** What to work on **
Leave every image behind and restate the data word for word.

.....

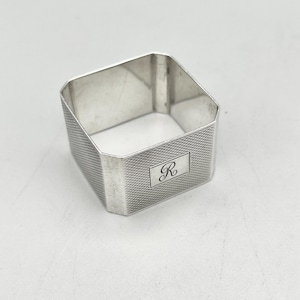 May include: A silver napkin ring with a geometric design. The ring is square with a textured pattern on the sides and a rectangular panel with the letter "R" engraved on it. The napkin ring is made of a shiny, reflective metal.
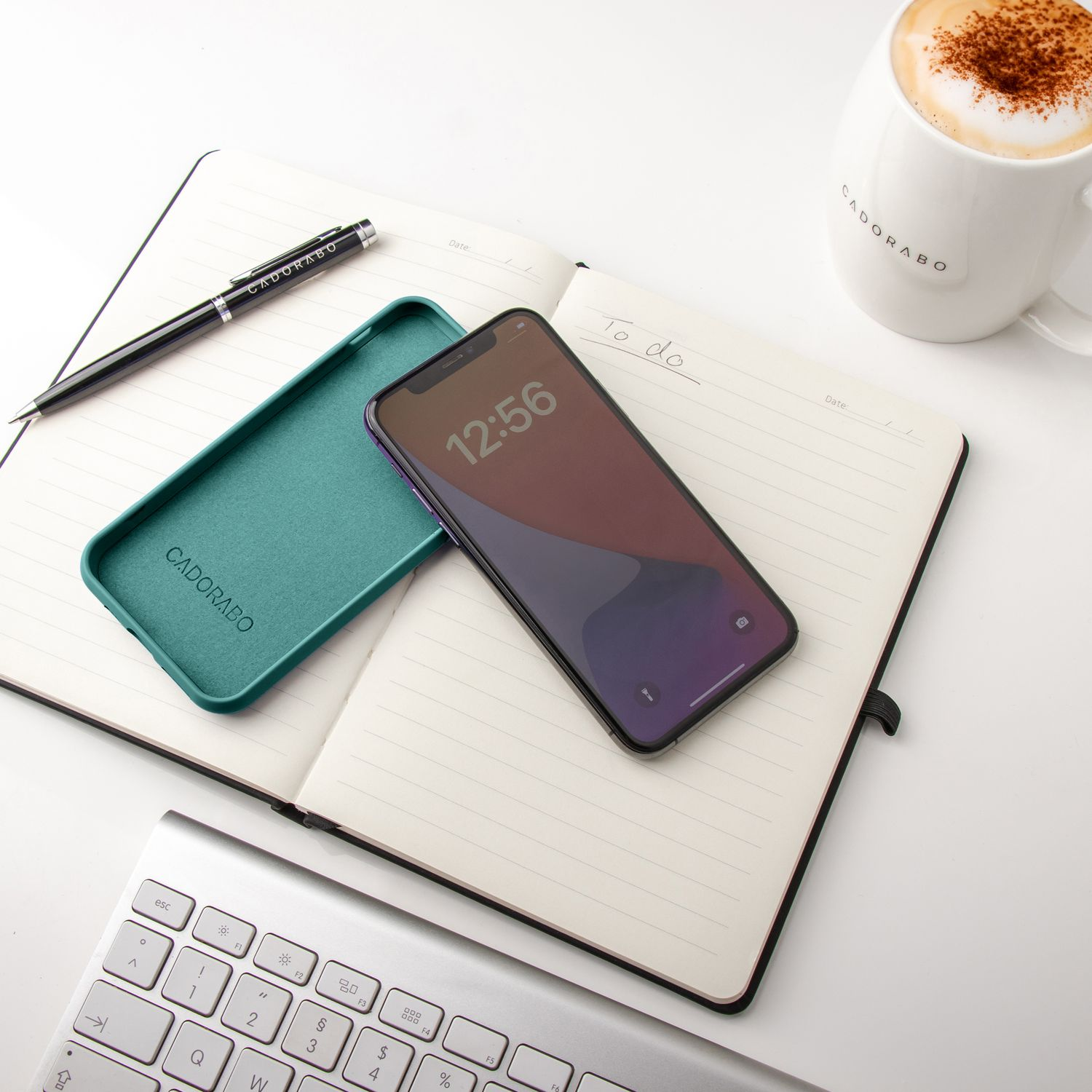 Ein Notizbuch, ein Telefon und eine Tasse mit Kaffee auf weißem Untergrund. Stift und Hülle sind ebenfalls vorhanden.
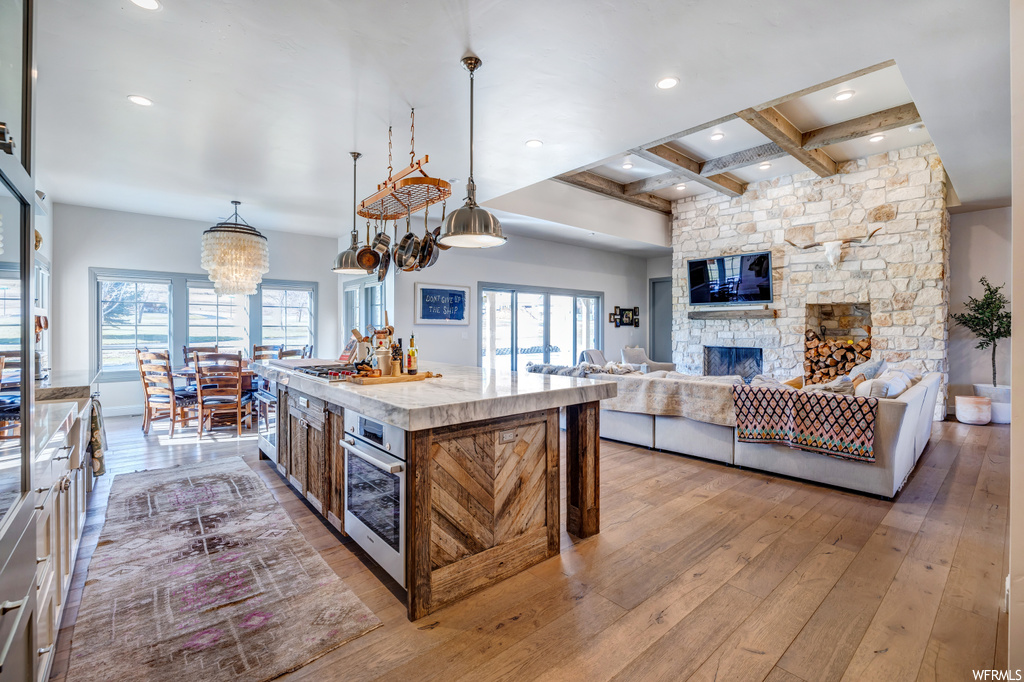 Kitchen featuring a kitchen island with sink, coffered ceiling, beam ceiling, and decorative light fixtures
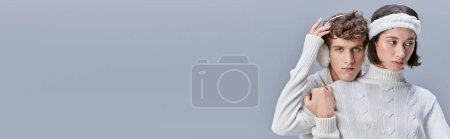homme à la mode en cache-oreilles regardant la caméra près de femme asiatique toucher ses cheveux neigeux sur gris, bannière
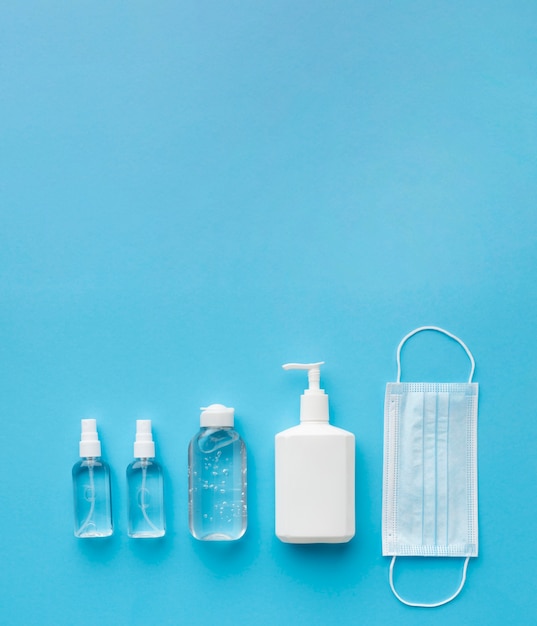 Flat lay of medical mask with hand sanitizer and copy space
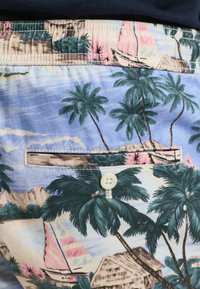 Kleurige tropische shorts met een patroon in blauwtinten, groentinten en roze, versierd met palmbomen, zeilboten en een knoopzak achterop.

.....

** Response **
 May include: A silver napkin ring with a geometric design. The ring is square with a textured pattern on the sides and a rectangular panel with the letter "R" engraved on it. The napkin ring is made of a shiny, reflective metal.
 Ein Notizbuch, ein Telefon und eine Tasse mit Kaffee auf weißem Untergrund. Stift und Hülle sind ebenfalls vorhanden.
 Kitchen featuring a kitchen island with sink, coffered ceiling, beam ceiling, and decorative light fixtures
homme à la mode en cache-oreilles regardant la caméra près de femme asiatique toucher ses cheveux neigeux sur gris, bannière
 Flat lay of medical mask with hand sanitizer and copy space
 Kleurige tropische shorts met een patroon in blauwtinten, groentinten en roze, versierd met palmbomen, zeilboten en een knoopzak achterop.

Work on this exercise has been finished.